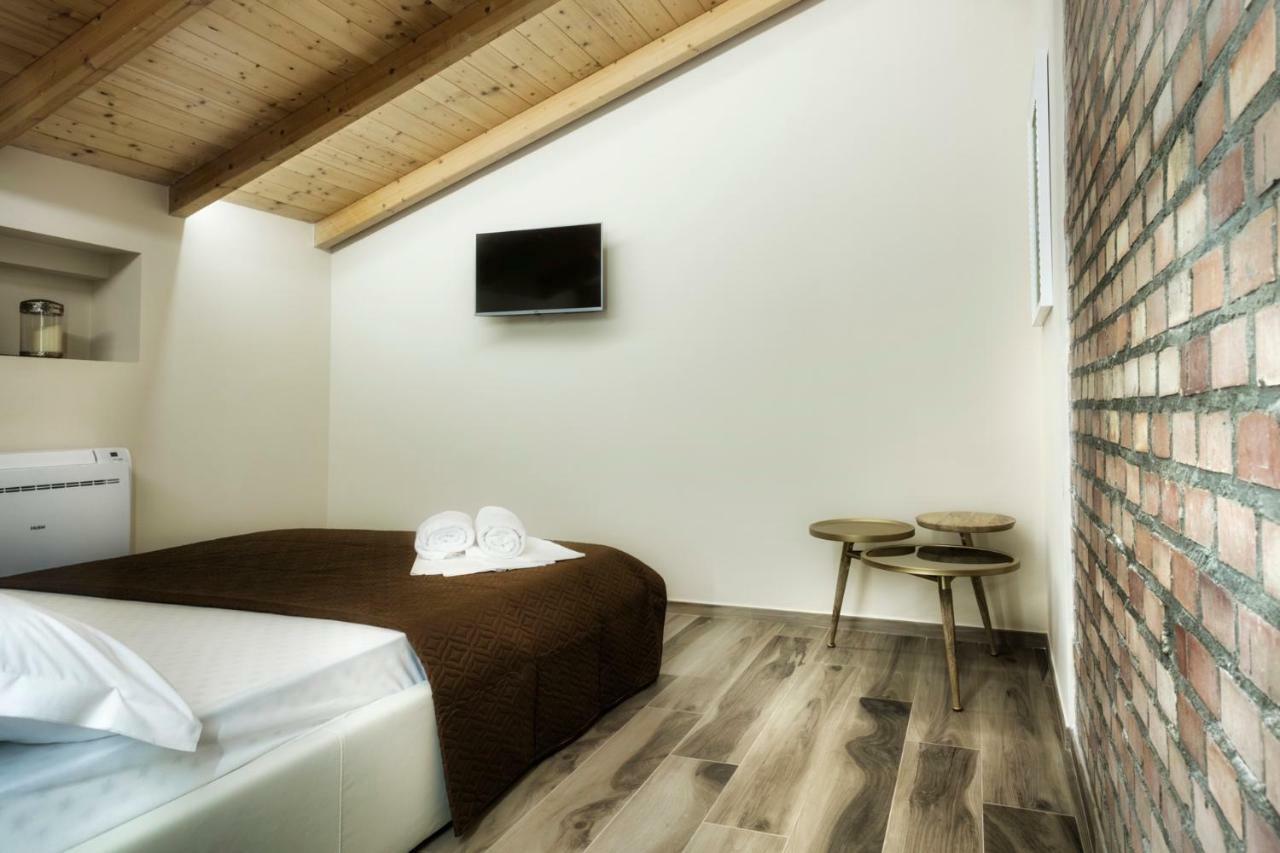 Palazzo Eugenia Suites Vasto Dış mekan fotoğraf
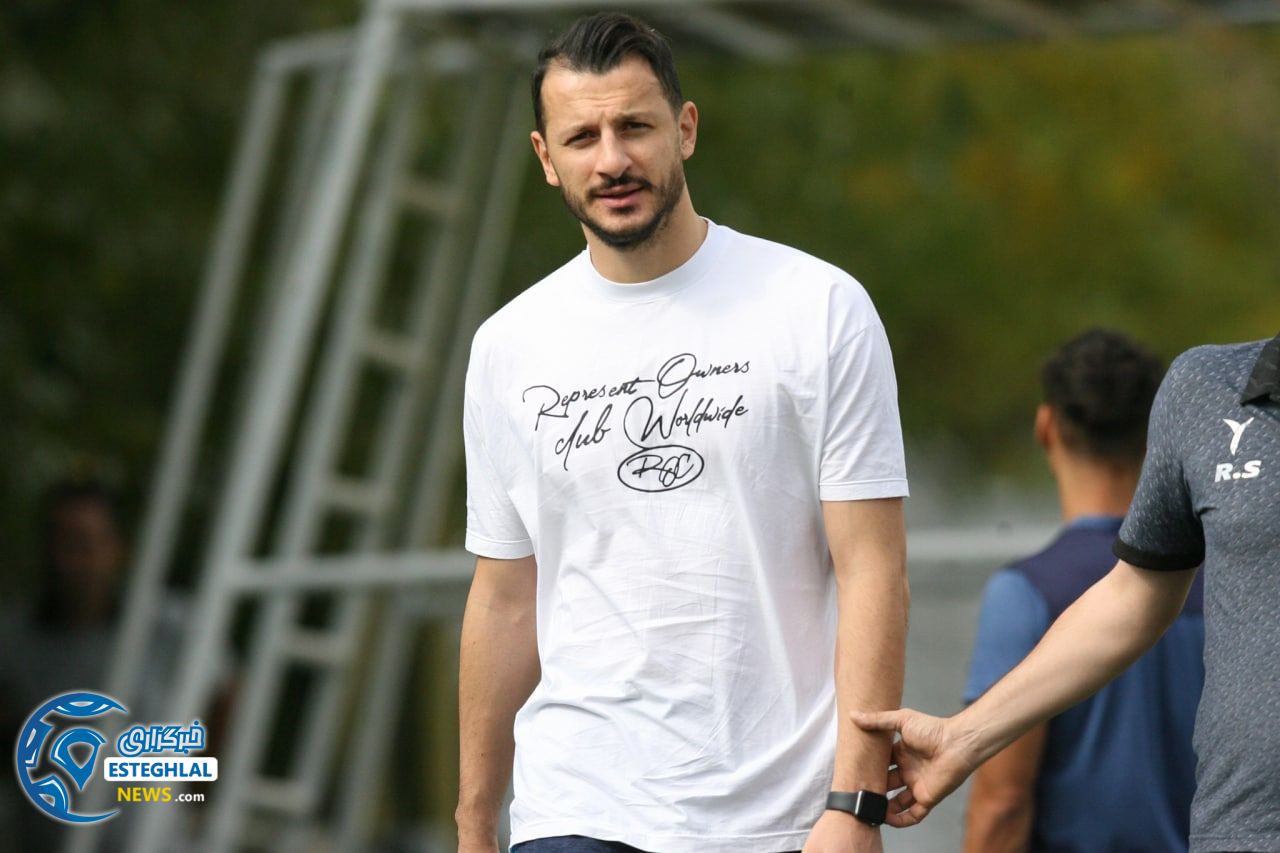 تمرین استقلال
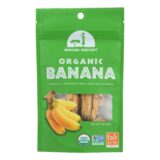 Mavuno Harvest Organic Gluten, Free Dried Banana, Case Of 6, 2 Oz.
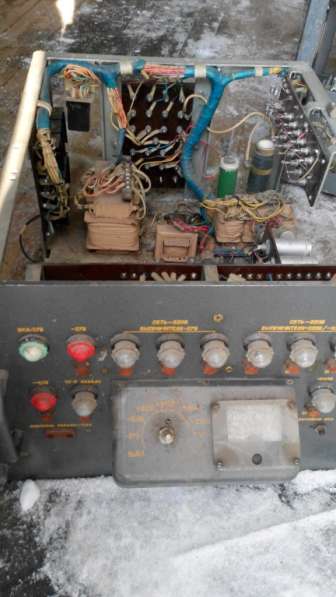 Радиостанция Р-140 (Р-405 МПТ-1)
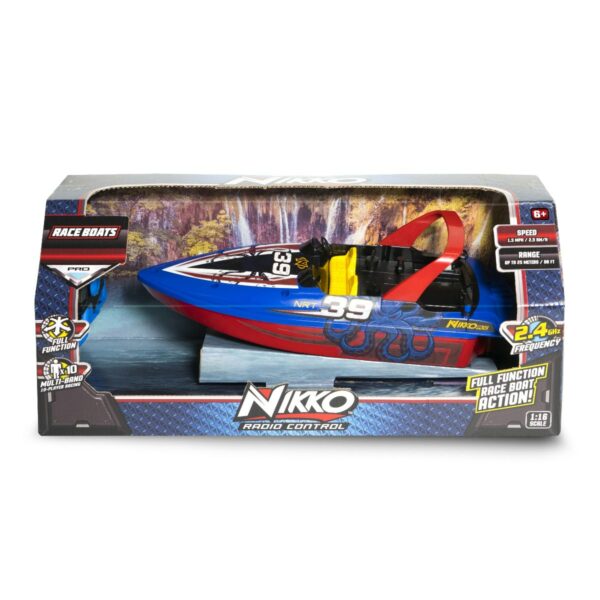 Nikko RC-vene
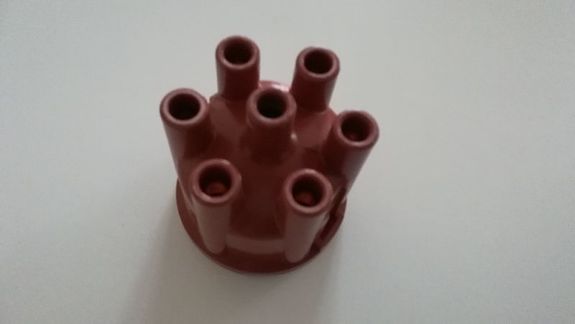 Distributeur Opel Commodore, Kapitan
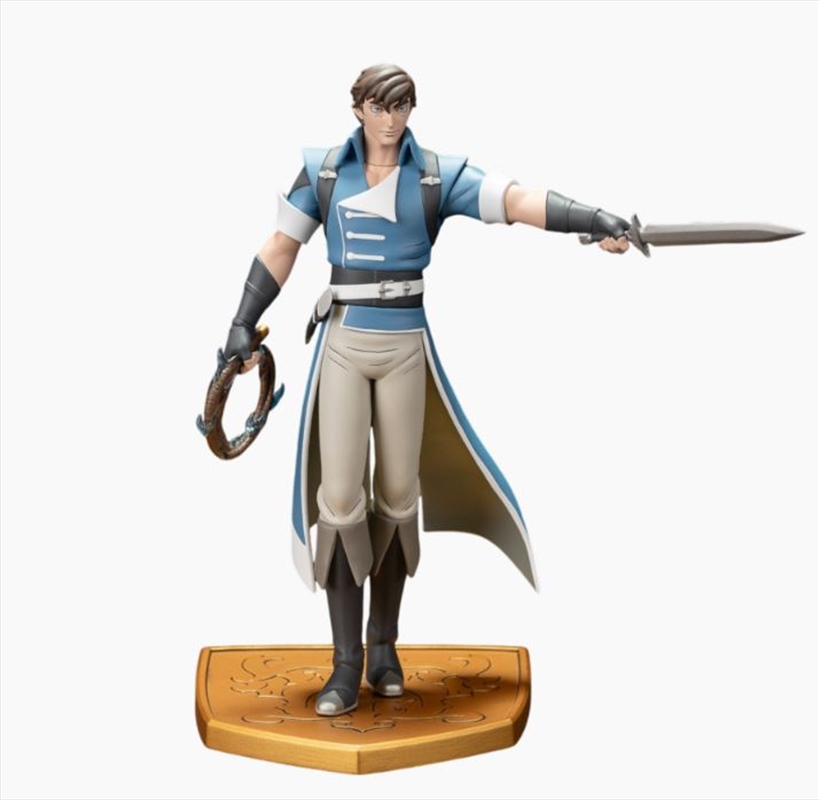 Castlevania: Nocturne - Richter Belmont PVC Figure/Product Detail/Figurines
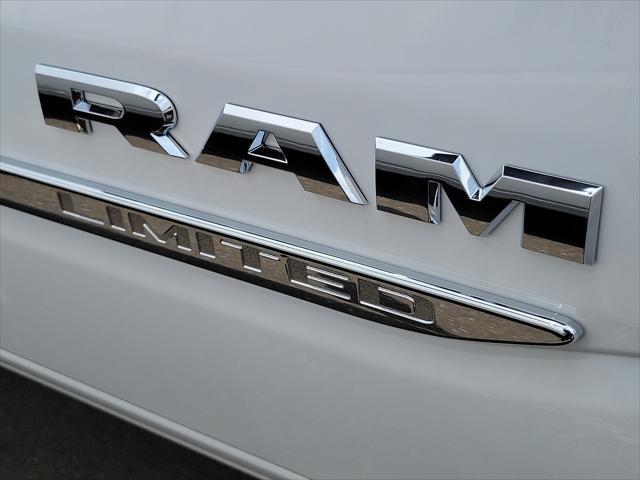 new 2023 Ram 1500 car, priced at $67,929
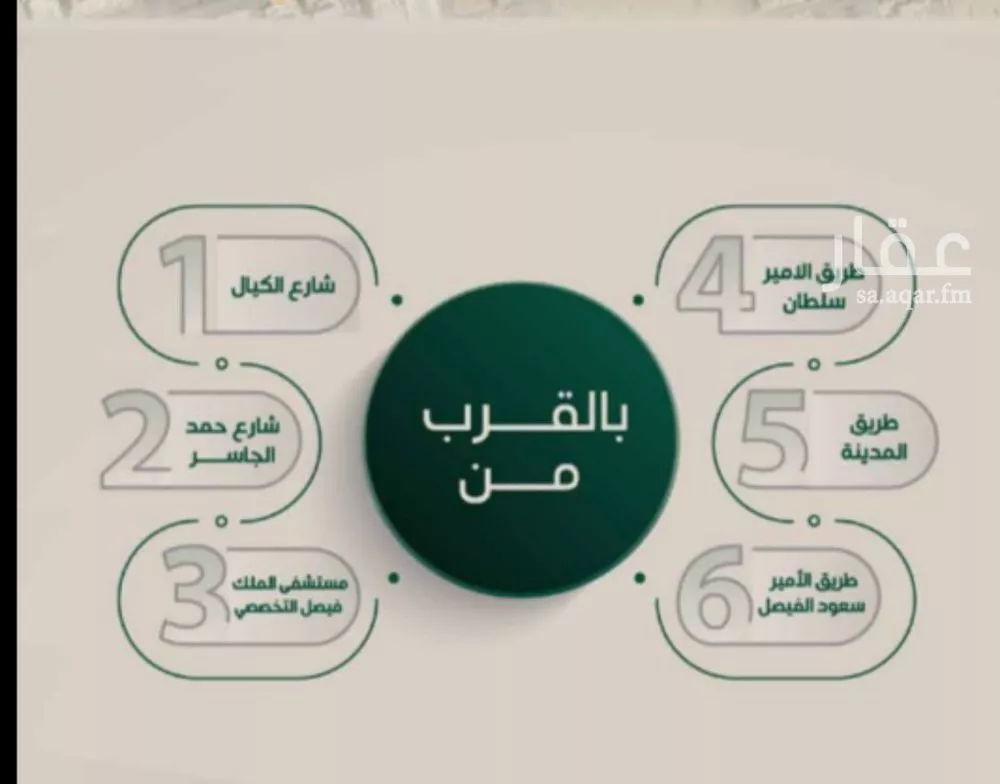 شقة 4 غرف في الروضة 2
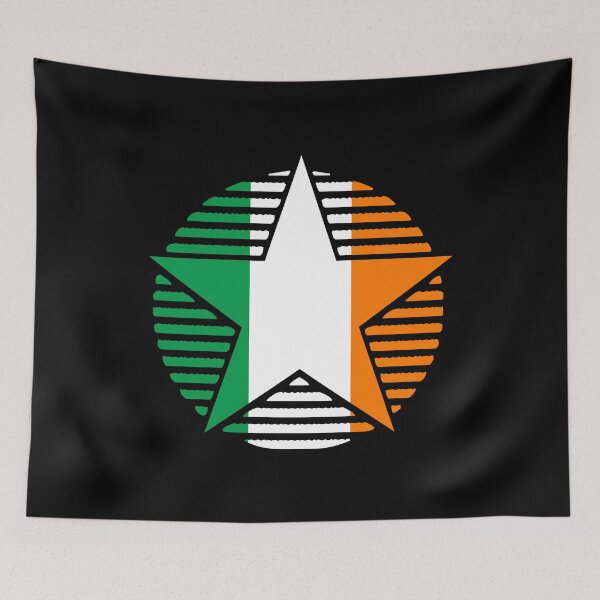 Item preview, Retro Guinea-Bissau Flag Star GW designed and sold by shitpostee.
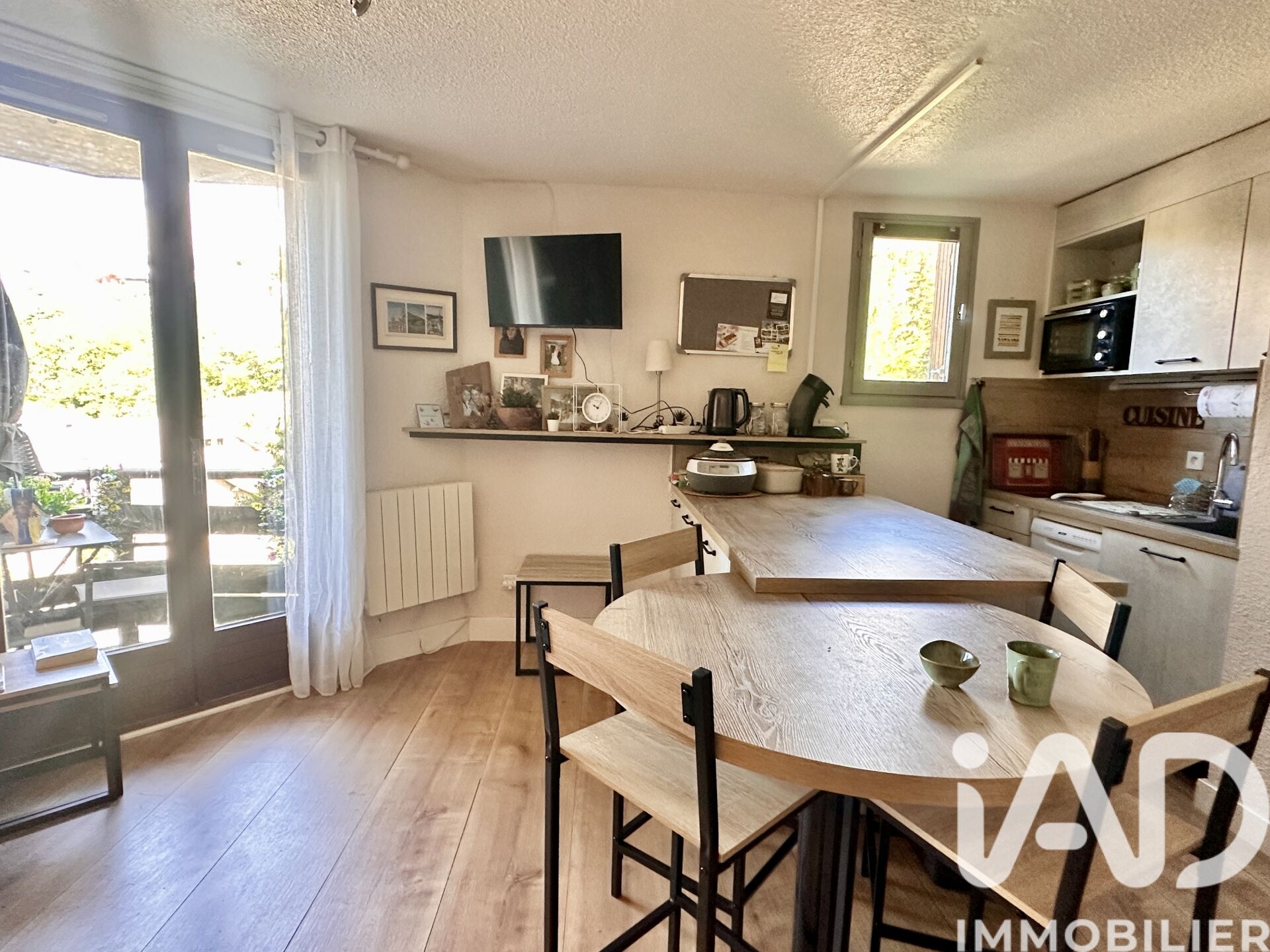 Appartement à vendre, 2 pièces, 31 m², Embrun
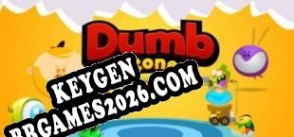 Keygen para Dumb Stone Card Game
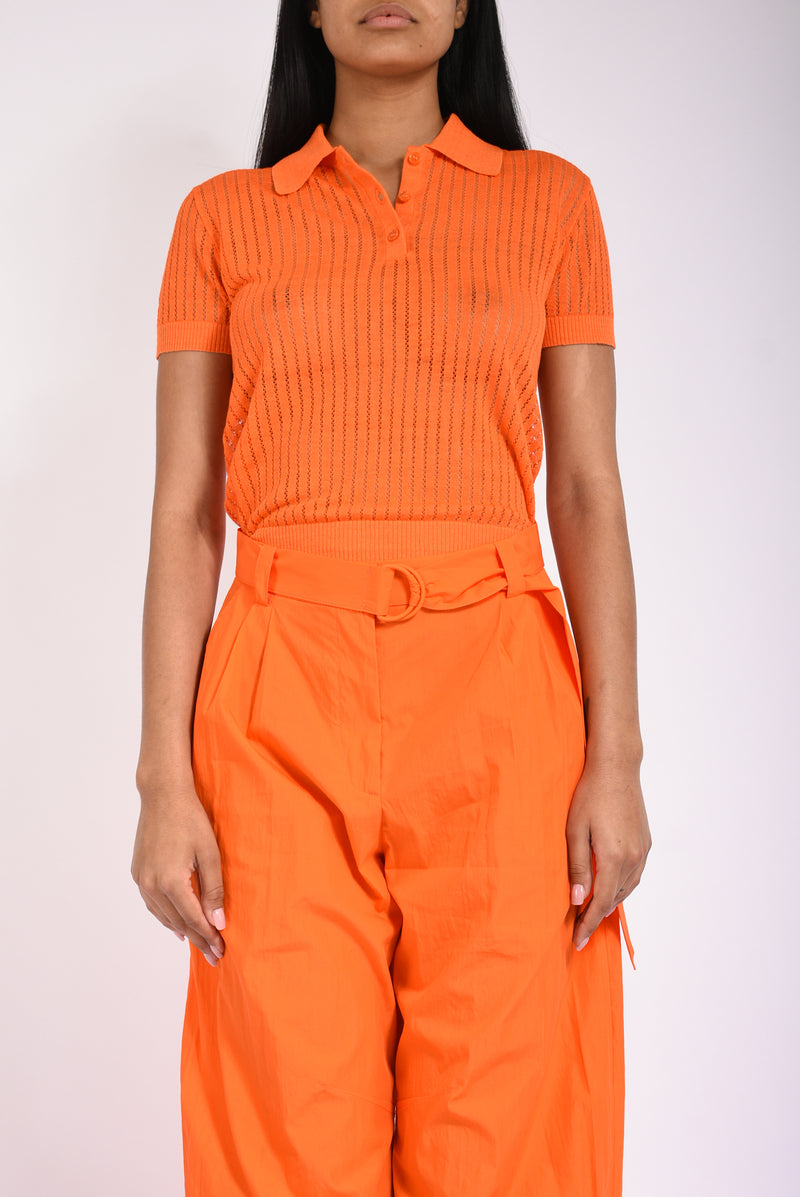 polo in maglia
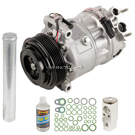 BuyAutoParts  Land Rover LR4 A/C Compressor and Components Kit 61-97222RK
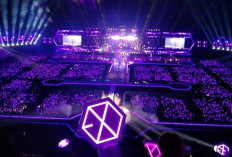 EXO Siap Gelar Konser yang Bertajuk 'EXO PLANET #6 - EXhOrizon' pada Juni 2026 Mendatang di Indonesia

About this exercise: There should be an exact restatement of the lines from the line with "new 2023 Ram 1500 car, priced at $67,929" through the last line of the entries above, and no pictures in it.

Answer box:
 new 2023 Ram 1500 car, priced at $67,929
 شقة 4 غرف في الروضة 2
 Item preview, Retro Guinea-Bissau Flag Star GW designed and sold by shitpostee.
 Appartement à vendre, 2 pièces, 31 m², Embrun
 Keygen para Dumb Stone Card Game
 polo in maglia
 BuyAutoParts  Land Rover LR4 A/C Compressor and Components Kit 61-97222RK
 EXO Siap Gelar Konser yang Bertajuk 'EXO PLANET #6 - EXhOrizon' pada Juni 2026 Mendatang di Indonesia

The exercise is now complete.